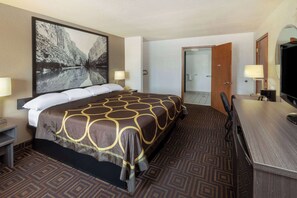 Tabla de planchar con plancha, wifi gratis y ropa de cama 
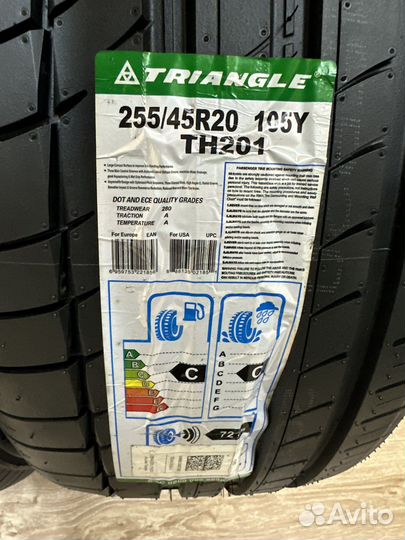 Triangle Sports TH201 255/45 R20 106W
---
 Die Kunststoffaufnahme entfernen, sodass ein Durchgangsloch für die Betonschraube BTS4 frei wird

### WHAT IS REQUIRED
Look through the material above. Transcribe exactly the lines between the ones with "Tabla de planchar" and "Triangle Sports TH201 255/45 R20 106W", inclusive, and keep pictures out.

### SOLVED EXERCISE
 Tabla de planchar con plancha, wifi gratis y ropa de cama 
 Triangle Sports TH201 255/45 R20 106W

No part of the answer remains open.